In a page and a half or so, create a detailed outline, brief description or draw out a mind map or sketch pictures with words below, whatever, get creative, but give me your resolution and show me how you would argue against change (opposition) and try to point out that there is no prima facie case, the grounds of presuposition should remain intact, status quo should continue...IF IT AINT BROKE, don't fix it.....get my drift? The opposition needs to have an alternative plan in mind, so they should guess what they Gov'ts plan may be and oppose that with a better way to "improve" what is already in place...plus, clash like a color blind designer at Fashion Week baby! CLASH!!! Guess how you might clash with definitional terms in the resolution, any stock issues you know for sure they will present as "contentions" or sub-arguments...Highlight the "dis-ads" or the problematics that come with the government's plan to change things...disadvantages, if you will....emphasize the greater harm that will prevail if the govt changes the status quo with their resolution...show how this is worse than the mild down side of the current system as is...what visual aid would you use to strengthen your argument? When would you put it up? What fallacies will you call the govt on if they make them? How will you summarize creatively and reiterate a strong argument during the rebuttal? Don't forget that even though the Govt begins the case, the leader of the opposition should have some opening comments and a brief introduction prepared as well...stylize your persuasive speaking tactics. rEMEMBER, THIS is not AN ESSAY...Good luck and watch for the humor blog coming next, in audio format for your listening pleasure! PEACE OUT HOME SLICES.

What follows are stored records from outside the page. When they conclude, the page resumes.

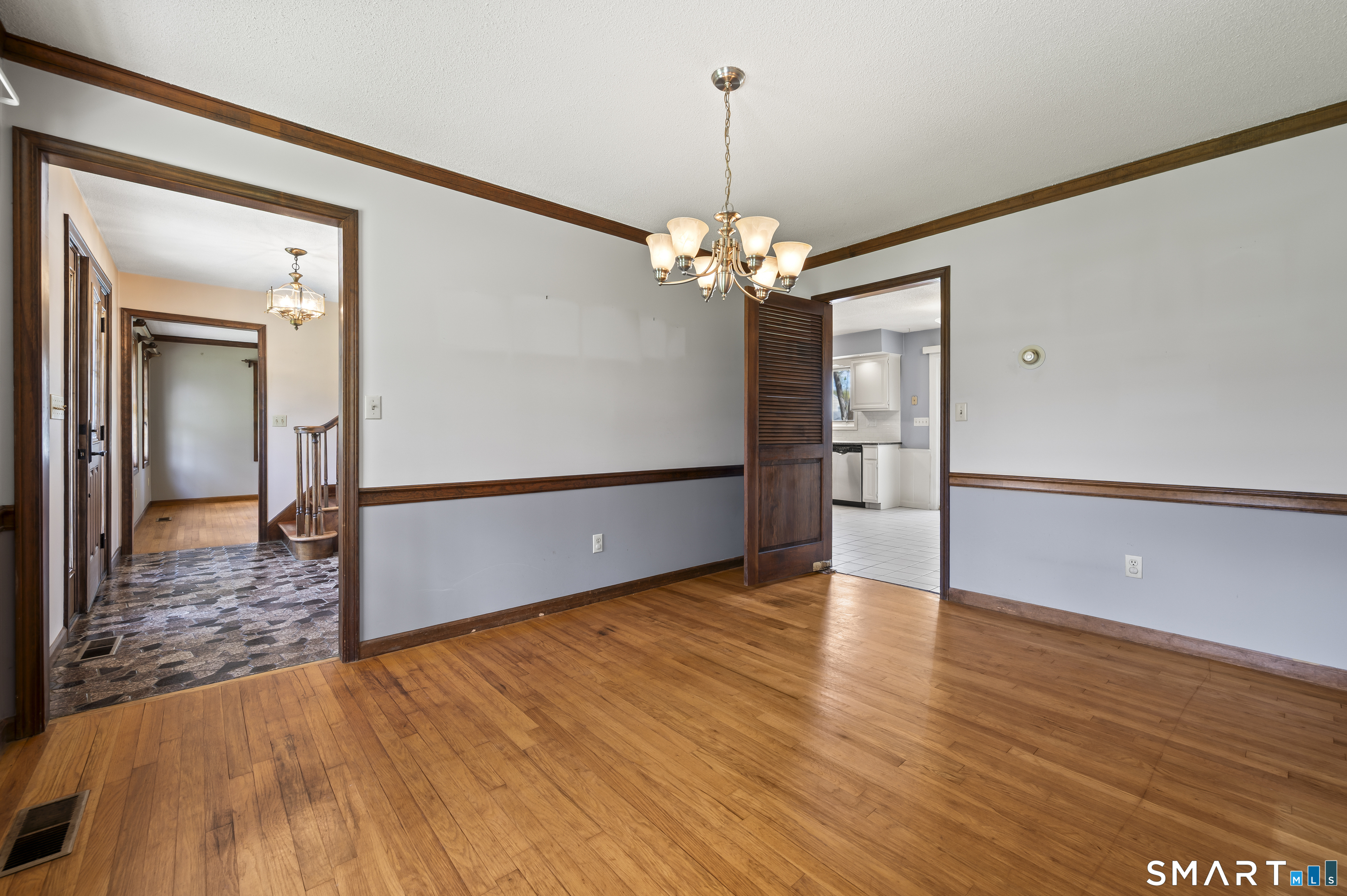 117 Charter Oak Road Southbury, CT 06488 - Photo 15 of 40 a view of a livingroom with a furniture wooden floor and chandelier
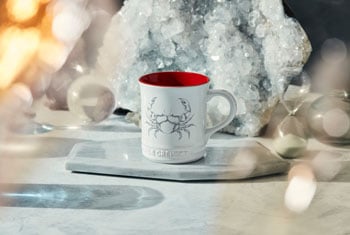 white mug with red interior and a crab design on side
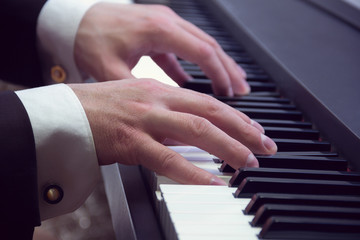 Obraz premium man's hands playing on a piano at the concert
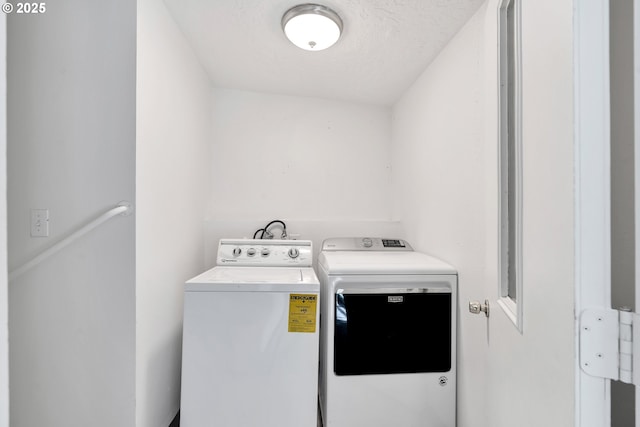 laundry area featuring washing machine and dryer and a textured ceiling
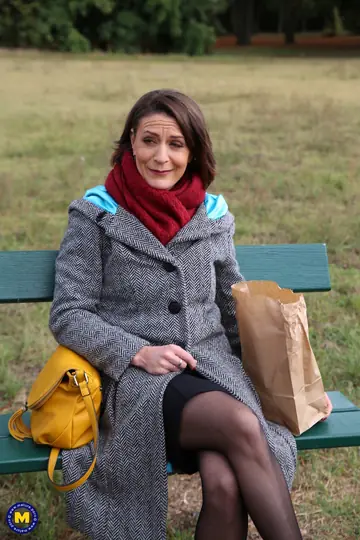 Mature French Woman Flashes Her Stockinged Legs Outdoors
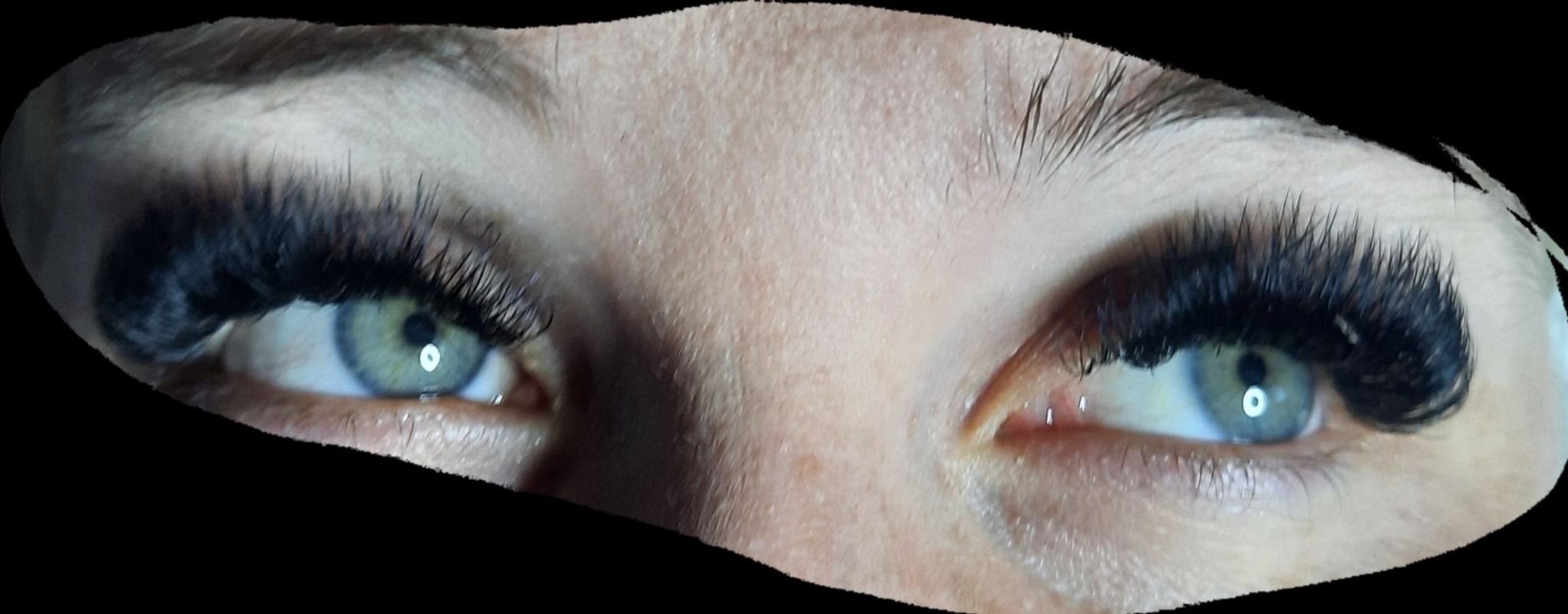 Zbliżenie na oczy z przedłużonymi, bardzo gęstymi, czarnymi rzęsami; widoczne zielone tęczówki i naturalne brwi.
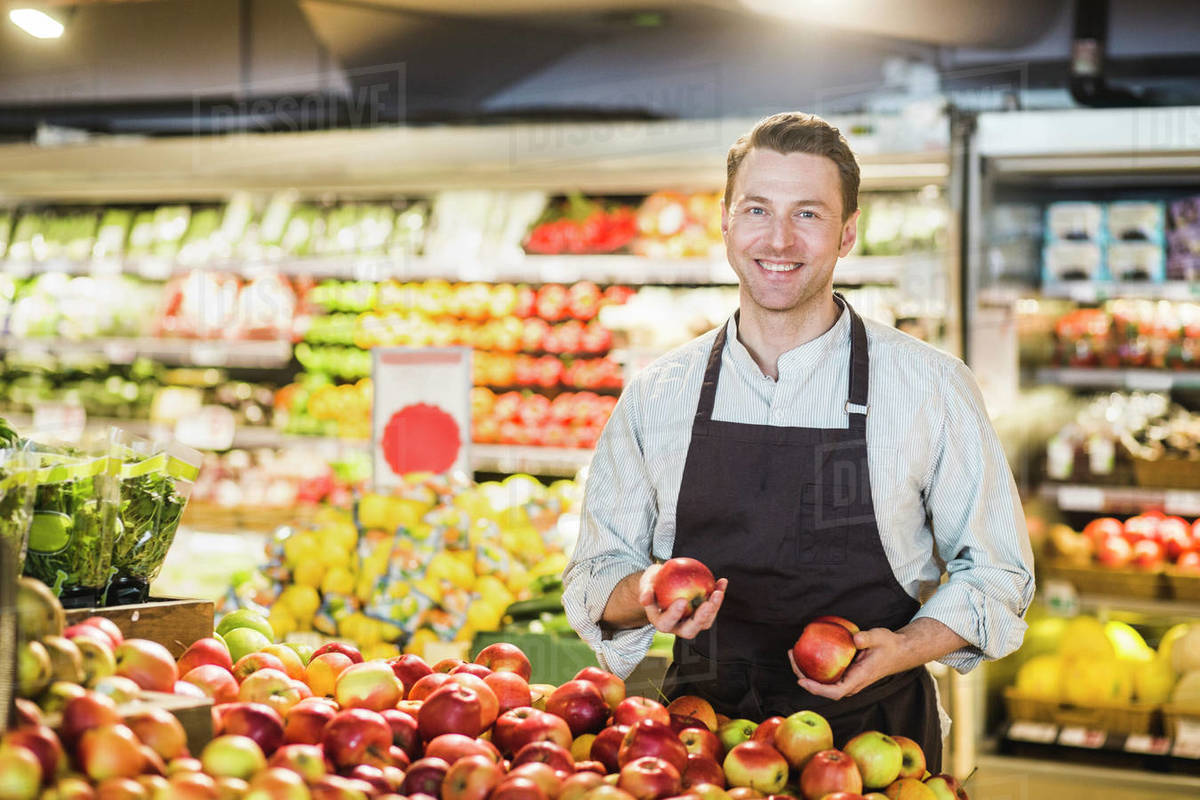 Portrait of smiling mature owner standing at apple stall in grocery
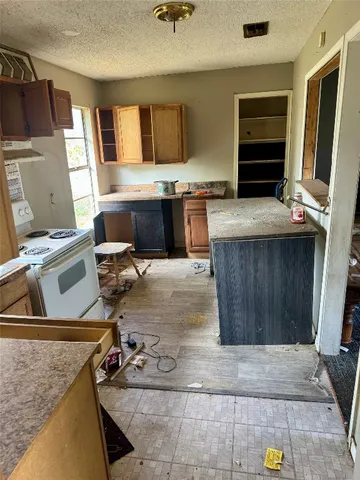 a kitchen with a sink a stove and cabinets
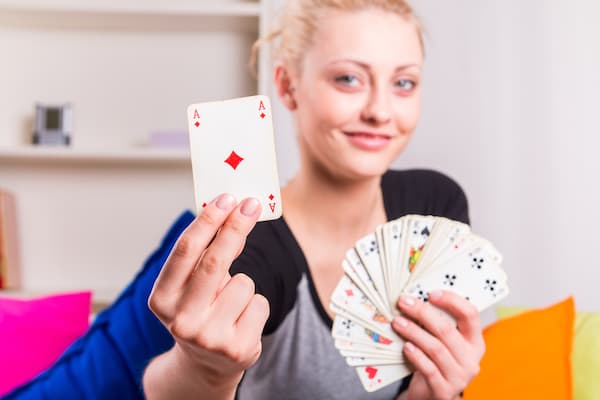 A woman holding up an ace from a deck of cards.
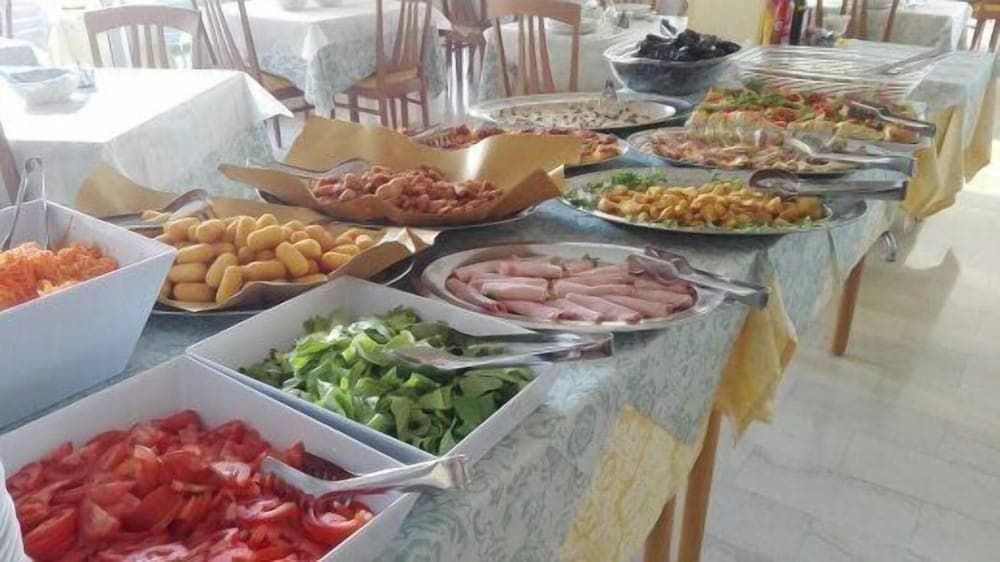 A vibrant buffet table laden with fresh vegetables, meats, and pastries invites travelers to indulge in a hearty meal at a cozy dining area, perfect for a relaxing culinary experience during a vacation.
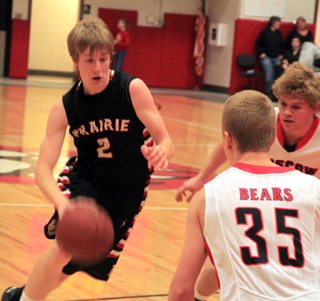Tyson Schlader drives into the lane at Moscow. He had a big game on the boards with 15 rebounds and turned 4 offensive rebounds into points.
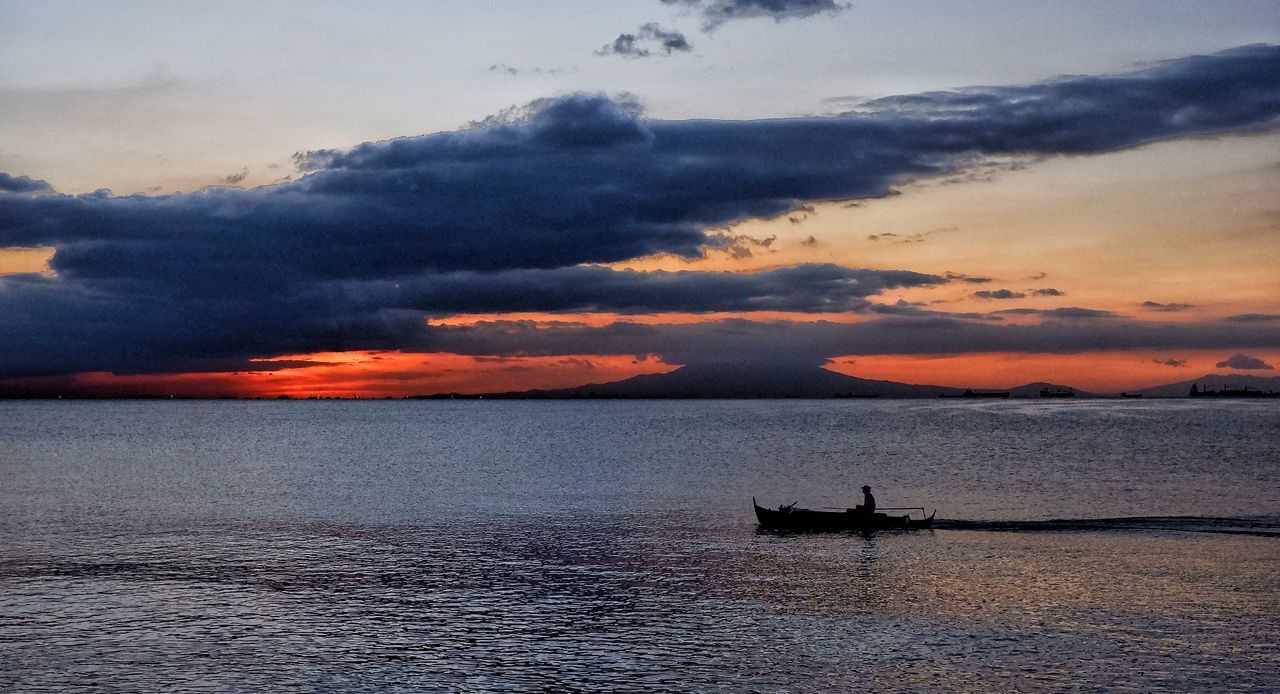 SCENIC VIEW OF SEA AGAINST ORANGE SKY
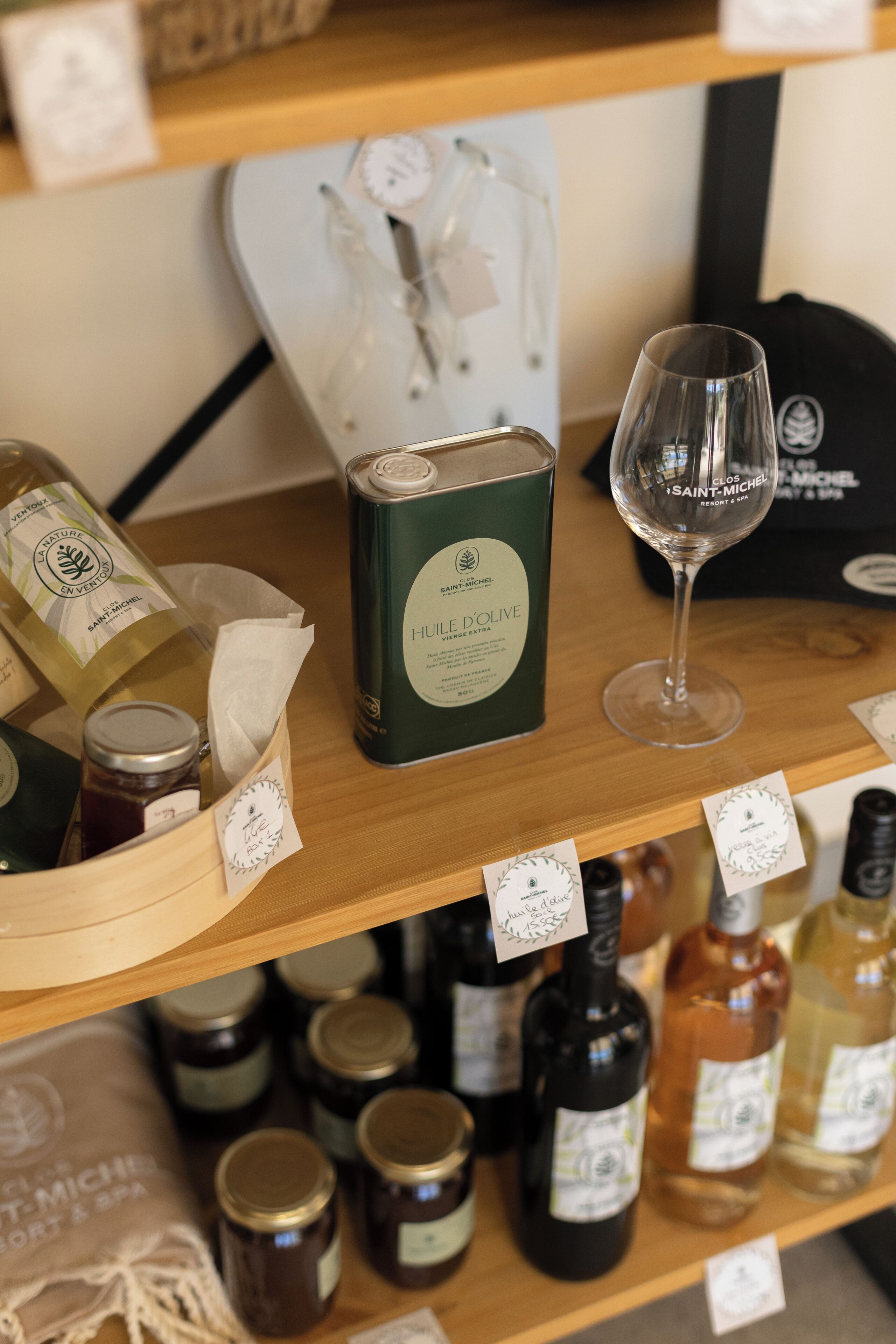 Una estantería de madera con varias botellas y una copa de vino, algunas con etiquetas a la vista.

Thursday, October 06, 2005
Photo Time

After class today, I thought I would experiment with photos on the Blog and show Chris and Alfredo that I can blog with the best of 'em! So, your next blogging assignment is to post a photo and identify a fallacy that might be evident in the photo, using Chapter Eight. The photo has to have you in it and, yes, you must have clothes on, Brian! Ok--I'll go first: Here is a picture of Steve and I...It features the faulty analogy fallacy by suggesting that being in love and getting married is ALWAYS happy bliss, LIKE a beautiful day at the beach with crashing waves and a light salty mist, a natural beautiful fantasy......when in reality, it is also like sitting in bumper to bumper traffic....or, say -- like being enlisted in the army, while other days might it is like reading an encyclopedia for nine or so hours straight...so the fallacy comes in when an argument (visual or written) relies too heavily on a particular analogy, insisting that something is LIKE something else, either literal or figurative. This example is figurative because the blissful beach serves as a metaphor for wedded bliss. A literal analogy would be: My marriage is LIKE Tom Cruise and Katy Holmes's marriage. Wait, are they married? Well, anyway, get the picture? AHAHhahaheehahah NO really, I mean it: 'get the picture' and do the assignment before I flunk you. By the way, wouldn't it have been funny if we sent out a wedding photo of the two of us slumped on the couch in wrinkled sweats, watching E.R. and fighting over the remote?
Sincerely,
Blog City
Thursday, September 22, 2005
Research Assignment Blog: GOOD TIMES!
Okay now that you are all polished parlimentary debate gurus, let's turn to research...visit
http://www.itools.com/research/ and post a response to the following resolution, YOU MUST INCLUDE a proper citation with quotation marks and a date reference, source reference, ect. Also, please try to connect to other students responses or take issue with them...this is ARGUMENTATION class in case you forgot! See my example in color as you read below. The graded debate assignment will be focused on Hurricane Katrina, so be sure to save the research you do for this blog and use it in your graded parli debate!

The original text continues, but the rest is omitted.